Reply to the comment left by "Gary Dully" at "09/10/2015 - 02:42":

This is the letter I drafted for my tenants yesterday, to go with the rent increase forms. I am increasing the rent by very small amounts £10 minimum, £25 maximum on my smaller houses. I suspect a few people will give their notice as it'll annoy them, but as a whole it will add a few thousand a year to my revenue and get them used to the idea that rents aren't going to be static anymore. If any leave, I won't have much problem charging the new rents to new tenants. I've also been doing spreadsheets on future annual rent increases. I don't think it's as easy as picking a percentage increase - I think about each one and the area, the tenant etc. before I decide what rent increase will work. With a few in very bad streets where the current tenant hasn't played up I'm still counting my blessings and not increasing those rents (including some at £320 and £325 a month - and we get accused as a whole of charging 'exorbitant rents,' and Campbell Robb every time he mentions 'private rents' puts the word 'expensive' before this.)

'Dear tenant.
We unfortunately are having to increase your rent and you will see the proposed amount of the new rent and information about this in the attached document.

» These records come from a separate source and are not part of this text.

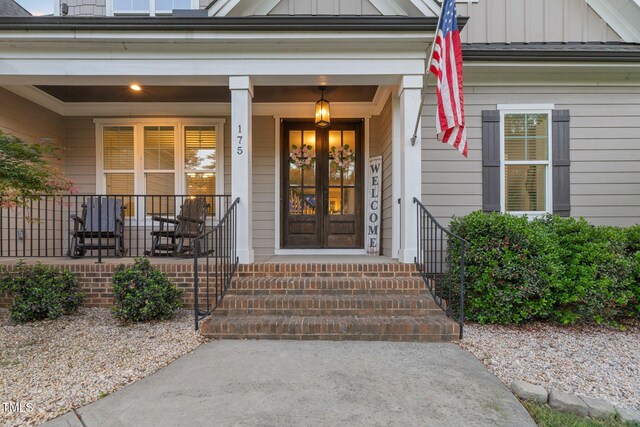 175 Lockamy Ln, Youngsville, NC 27596 - view of exterior entry featuring board and batten siding and a porch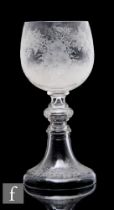 A large late 19th Century continental goblet, the ovoid form bowl profusely engraved with flowers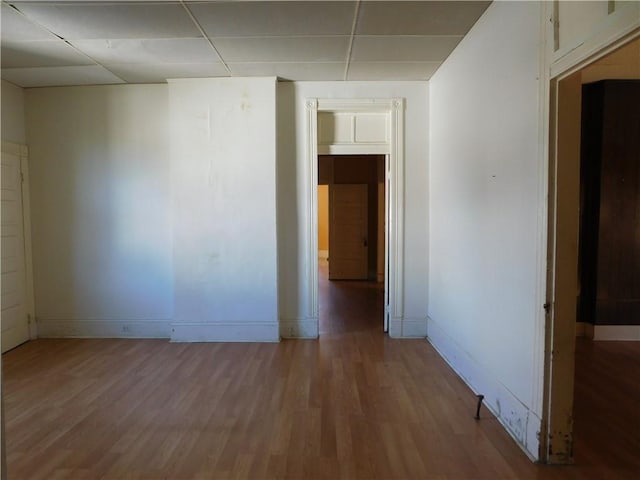 empty room featuring a paneled ceiling and hardwood / wood-style flooring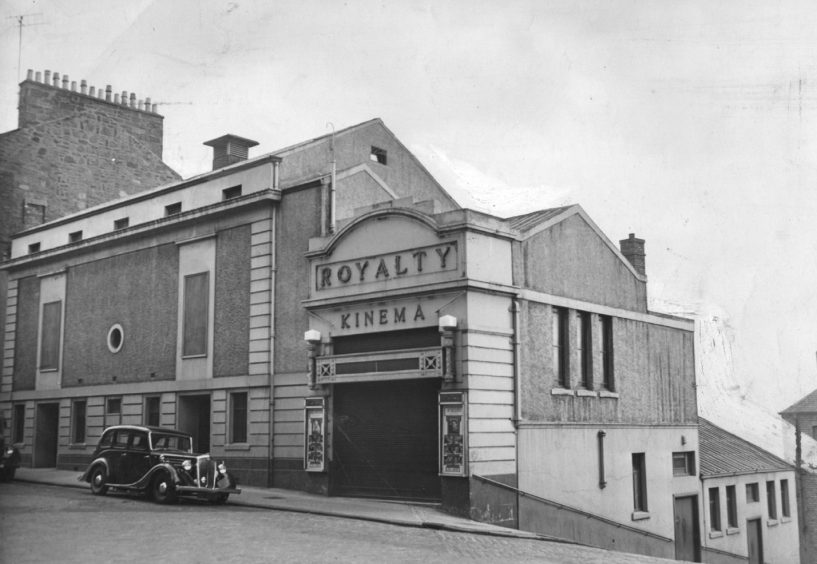 the exterior of The Royalty Kinema, Dundee, with a car parked by the kerb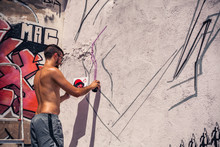 Graffiti Artist Painting A Wall In The Street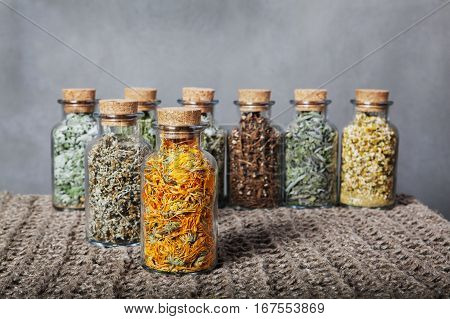 Different kinds of herbs. Dried, calendula, foreground Linen cloth
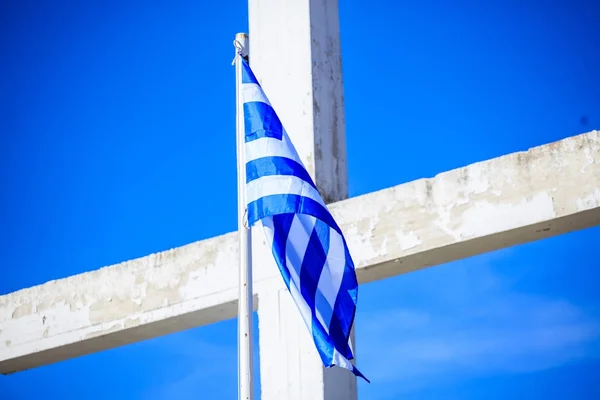 Greek flag on a white cross and blue sky background — Stock Photo, Image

Under normal circumstances we do not increase the rents - as many of you know, who have been with us for several years. However, in the Summer Budget the Chancellor of the Exchequer, George Osborne, announced that he was no longer going to allow landlords to offset the costs of our mortgage interest payments against our profit. This means that the interest we pay on mortgages each month will now count as our 'income' even though it has gone out of our account and to the mortgage lender. One journalist, Richard Dyson, in the Telegraph, has called this a 'lunatic tax.'
I have been campaigning against it ever since it was announced and have been trying to get this reversed, as it is a very unfair change to the tax system and means that landlords even if they make no money from letting out a house, after they have paid all the costs, will now receive big tax bills, regardless of their ability to pay them. Because of this, landlords throughout the UK will now be increasing rents in order to cover what will be massive tax bills.
It is for this reason that we have had to make an increase to your rent. The Government is to blame. Unfortunately, organisations such as 'Shelter' also campaigned for this decision as they like policies which are against landlords. Landlords and tenants will bear the brunt.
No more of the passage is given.